In a study based off of contemporary text, researchers from Bangalore found that “black bile is the sediment of normal blood.”
It is the last to arise and receives the coarse, most meagre share of nutrients and has a retentive virtue, a cooling, drying, astringing, precipitating, condensing, solidifying effect on the metabolism necessary for building the bones, teeth and all dense, solid structures of the body.
It may also be that black bile was the result of internal bleeding and, often, vomiting that up. If that happened, you would definitely think something was wrong with you. And it does happen!
So gross! I would be depressed, too, if that came out of me!
That’s still just blood though.
So really, there were only three humors. It’s just that blood is kind of a wild substance that takes on all shapes and sizes and also that when your blood turns bad, you probably have something wrong with you.
But how did that actually tie into mood disorders?
The short answer is that it did not, of course. The human brain and its ability to conduct serotonin and other chemicals is responsible for depression. That’s also why depression can sometimes come with lots of psychical symptoms — because yes, technically, it’s all in your head, but also, those symptoms (lack of apetite, physical pain) can have a compounding or ripple effect. Depression begins in the brain but can quickly become a very real condition in the body.
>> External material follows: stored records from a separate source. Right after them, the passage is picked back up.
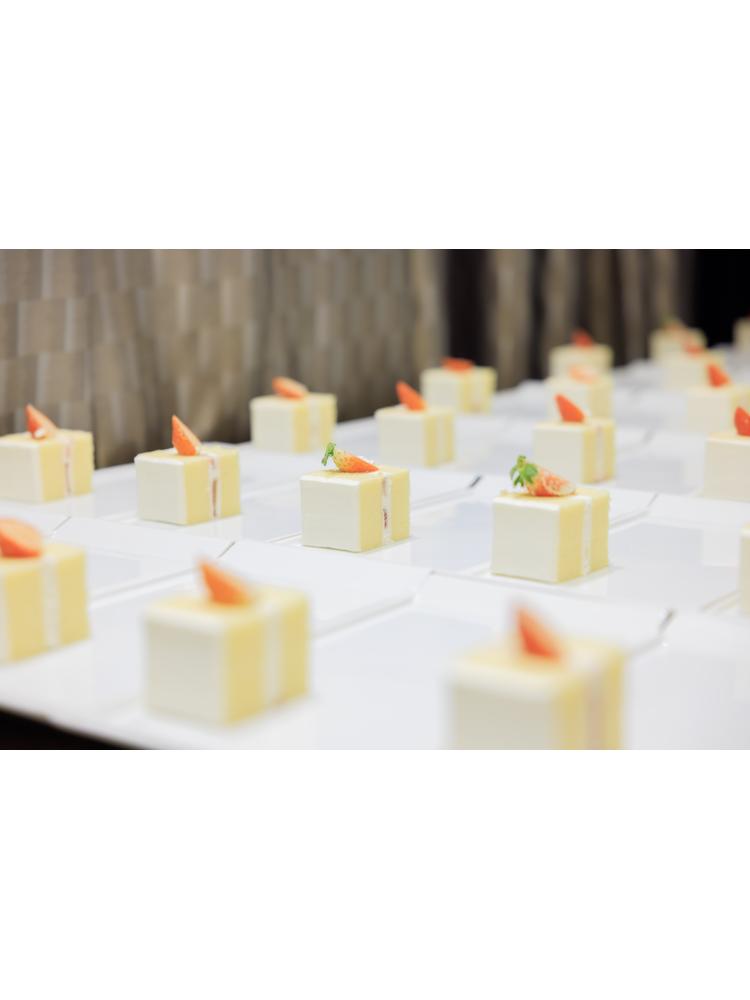 ラグナヴェール 大阪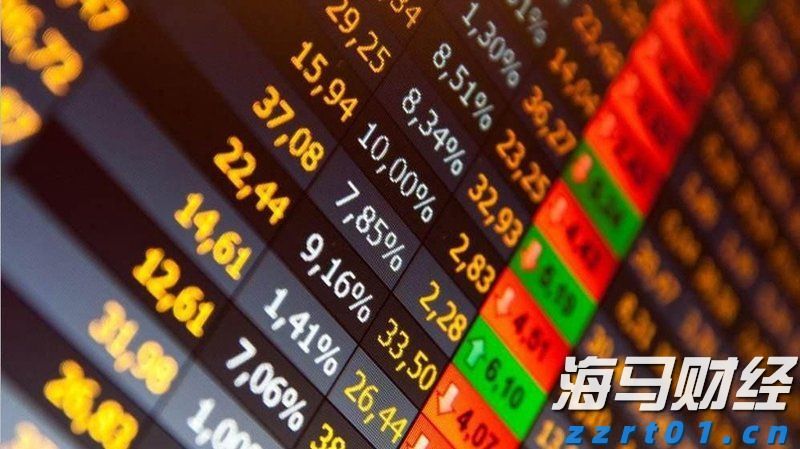 贵州省市场监管局安排部署全省开展打击网络传销专项执法行动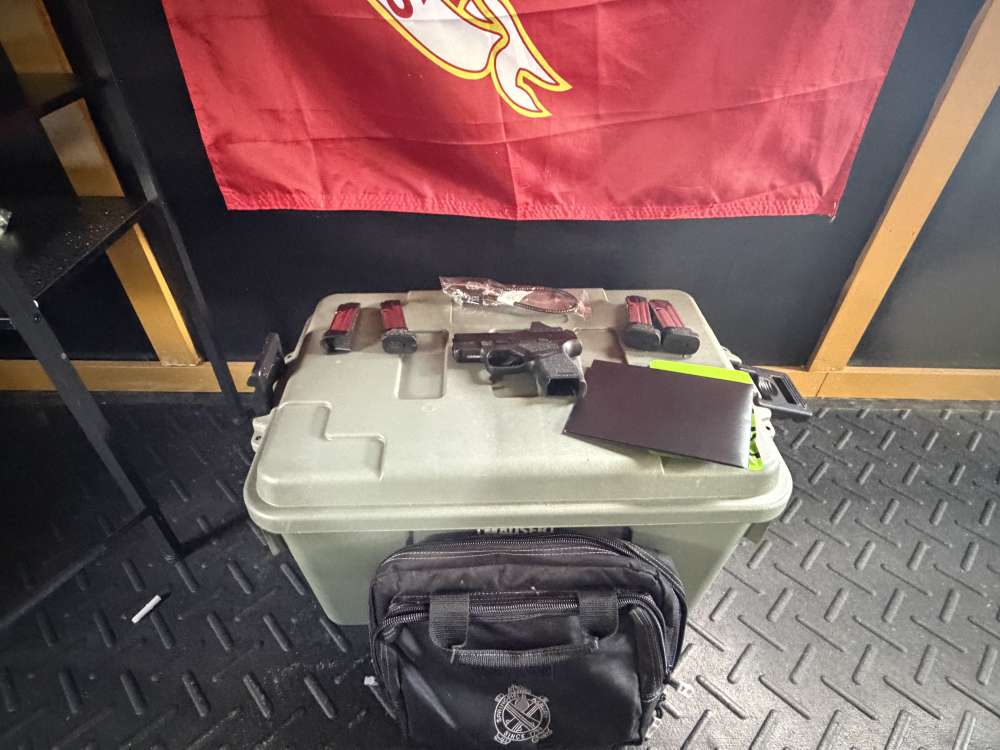 Hellcat 380 Gear Pac-img-0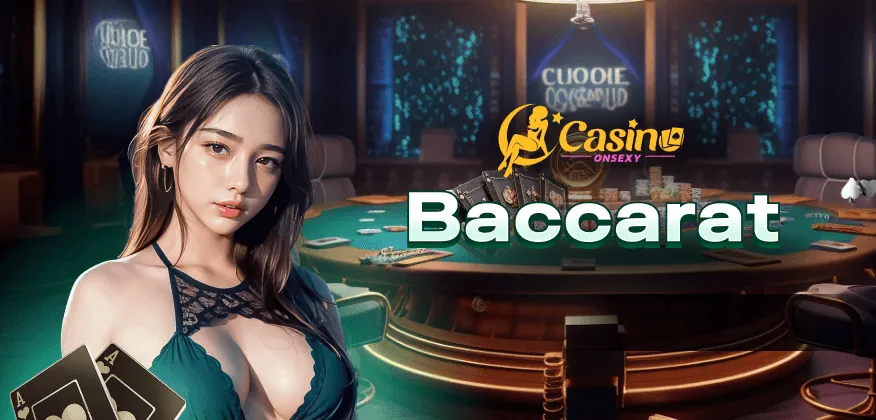 Chính sách chơi có trách nhiệm của ole777 Casino
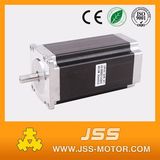 112mm, 425 Oz-in, 3A NEMA23 CNC Stepper Motor for CNC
Which is also why people probably sought treatment. If you’ve never suffered from a serious bout of depression and then one day you’re very, very sad but also your head hurts and you can’t sleep and you feel dizzy, you may think it’s like, a tumor or something.
If you were a depressed person — showing the clear mental and physical signs we now attribute with clinical depression — from the Before Times right up until your great-grandparents were alive, you black mood may have been attributed to black bile. The treatment to correct the imbalance might have been things that potentially help a bit — walking around outside, eating a nutritious diet — but absent an actual medication (and in the presence of, you know, bloodletting), it’s unlikely that you’d really recover.
Add in the lack of talk therapy and other supportive treatments and it’s not a huge surprise that everyone who presented with “black bile” was considered very, very sick. After all, there was not a good prognosis. And if you were bleeding internally and they just told you to take a hot bath, that was probably not going to do a lot for you, either.
Mental health stigma is still super-real — there are always at least a few people who look QUITE uncomfy if I mention my SSRI at a party! — but whenever I look back at the medicines and theories from the entire rest of human history, I’m glad that at least we can conduct imaging, do tests on the blood, and generally figure out what’s going on with ourselves. We haven’t fixed it yet, but it’s certainly not as bad as it was. That “dark thing” that lives in side of us may still feel huge and scary, but at least it’s not such a mystery.